First, we use Thm: $Aut({\mathbb Z_n})\cong U(n)$. You had the first step:
$$Aut({\mathbb Z_{720}})\cong U(720)=U(16\cdot 9\cdot 5)\cong U(16)\oplus U(9)\oplus U(5)\cong {\mathbb Z_2}\oplus{\mathbb Z_4}\oplus{\mathbb Z_6}\oplus{\mathbb Z_4} $$
We see immediately that the orders of the elements of $U(720)$ can only be $1,2,3,4,6,$ and $12$, since an element from ${\mathbb Z_2}\oplus{\mathbb Z_4}\oplus{\mathbb Z_6}\oplus{\mathbb Z_4}$ has the form $(a,b,c,d)$, where $|a|=1$, $|b|\in \{1,2,4\}$, $|c|\in\{1,2,3,6\}$, and $|d|\in\{1,2,4\}$. Since the maximum order of an element in this form $(a,b,c,d)$ is the least common multiple of the orders of each element, it is easy to see that we see that $12$ is the maximum order of an element in $U(720)$. Hence the maximal order cyclic subgroup of $Aut({\mathbb Z_{720}})$ has order $12$.

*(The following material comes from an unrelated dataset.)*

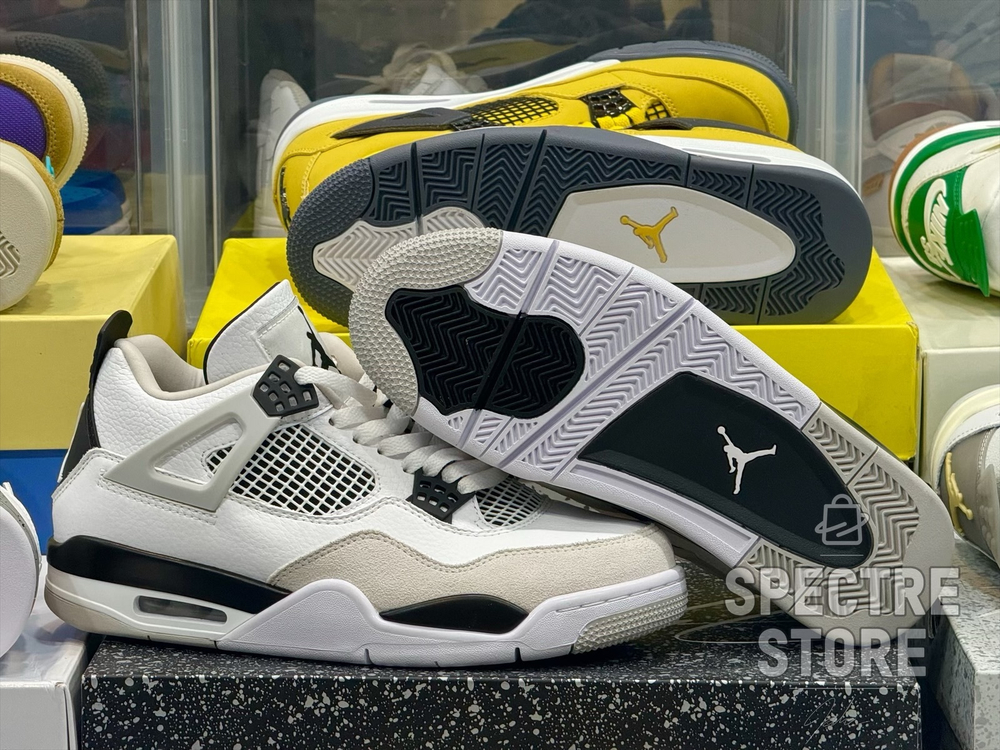 Air Jordan 4 Military Black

We can arrive at the same conclusion considering the properties of $Aut({\mathbb Z_{720}})$ alone:
Let $\phi\in Aut({\mathbb Z_{720}})$. Then the mapping $\phi$ is completely determined by $\phi(1)$, which must be relatively prime to $720$. Note that ${\mathbb Z_{720}}\cong {\mathbb Z_{16}}\oplus {\mathbb Z_9}\oplus {\mathbb Z_5}$. Now the image under isomorphism $\phi(1)=(a,b,c)$, where $a,b$, and $c$ are multiplicative units of ${\mathbb Z_{16}}$, is a multiplicative unit of ${\mathbb Z_{16}}$, ${\mathbb Z_9}$, and ${\mathbb Z_5}$, respectively. But these groups of units are isomorphic to ${\mathbb Z_2}\oplus {\mathbb Z_4}, {\mathbb Z_6}$, and ${\mathbb Z_4}$ respectively. The order of $\phi$ is the least common multiple of $(|a|,|b|,|c|)$, and therefore is at most $12$.